• **WORK INSTRUCTIONS**
Lines from the first one down to the one containing "Justin Trudeau introduces" in the data below are the only ones needed; please return them exactly, both ends included.

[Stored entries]
*** Block opens ***
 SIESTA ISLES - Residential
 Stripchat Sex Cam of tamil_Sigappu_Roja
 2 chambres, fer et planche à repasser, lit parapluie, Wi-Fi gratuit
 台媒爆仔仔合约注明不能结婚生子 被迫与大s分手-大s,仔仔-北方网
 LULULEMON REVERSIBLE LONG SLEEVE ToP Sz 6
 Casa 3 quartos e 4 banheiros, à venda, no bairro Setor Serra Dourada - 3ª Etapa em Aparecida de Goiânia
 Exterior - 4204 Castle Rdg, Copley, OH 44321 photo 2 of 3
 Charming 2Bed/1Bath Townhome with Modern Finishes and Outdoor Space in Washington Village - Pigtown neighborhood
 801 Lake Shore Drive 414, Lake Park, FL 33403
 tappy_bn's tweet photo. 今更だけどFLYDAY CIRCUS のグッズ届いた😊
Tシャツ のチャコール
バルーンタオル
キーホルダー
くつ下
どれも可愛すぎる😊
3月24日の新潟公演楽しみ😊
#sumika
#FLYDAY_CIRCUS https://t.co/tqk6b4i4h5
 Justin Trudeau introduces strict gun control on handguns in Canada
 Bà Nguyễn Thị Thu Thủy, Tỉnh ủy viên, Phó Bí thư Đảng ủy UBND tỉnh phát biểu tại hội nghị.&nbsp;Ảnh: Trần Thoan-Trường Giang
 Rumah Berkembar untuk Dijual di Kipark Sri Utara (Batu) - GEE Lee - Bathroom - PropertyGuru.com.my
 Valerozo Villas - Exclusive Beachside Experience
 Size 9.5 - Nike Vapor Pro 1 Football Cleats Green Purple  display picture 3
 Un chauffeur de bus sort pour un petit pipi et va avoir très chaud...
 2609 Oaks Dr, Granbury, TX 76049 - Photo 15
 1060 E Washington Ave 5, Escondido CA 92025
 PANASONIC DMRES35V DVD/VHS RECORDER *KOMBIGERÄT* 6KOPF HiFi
*** Block closes ***
• **SOLUTION**
 SIESTA ISLES - Residential
 Stripchat Sex Cam of tamil_Sigappu_Roja
 2 chambres, fer et planche à repasser, lit parapluie, Wi-Fi gratuit
 台媒爆仔仔合约注明不能结婚生子 被迫与大s分手-大s,仔仔-北方网
 LULULEMON REVERSIBLE LONG SLEEVE ToP Sz 6
 Casa 3 quartos e 4 banheiros, à venda, no bairro Setor Serra Dourada - 3ª Etapa em Aparecida de Goiânia
 Exterior - 4204 Castle Rdg, Copley, OH 44321 photo 2 of 3
 Charming 2Bed/1Bath Townhome with Modern Finishes and Outdoor Space in Washington Village - Pigtown neighborhood
 801 Lake Shore Drive 414, Lake Park, FL 33403
 tappy_bn's tweet photo. 今更だけどFLYDAY CIRCUS のグッズ届いた😊
Tシャツ のチャコール
バルーンタオル
キーホルダー
くつ下
どれも可愛すぎる😊
3月24日の新潟公演楽しみ😊
#sumika
#FLYDAY_CIRCUS https://t.co/tqk6b4i4h5
 Justin Trudeau introduces strict gun control on handguns in Canada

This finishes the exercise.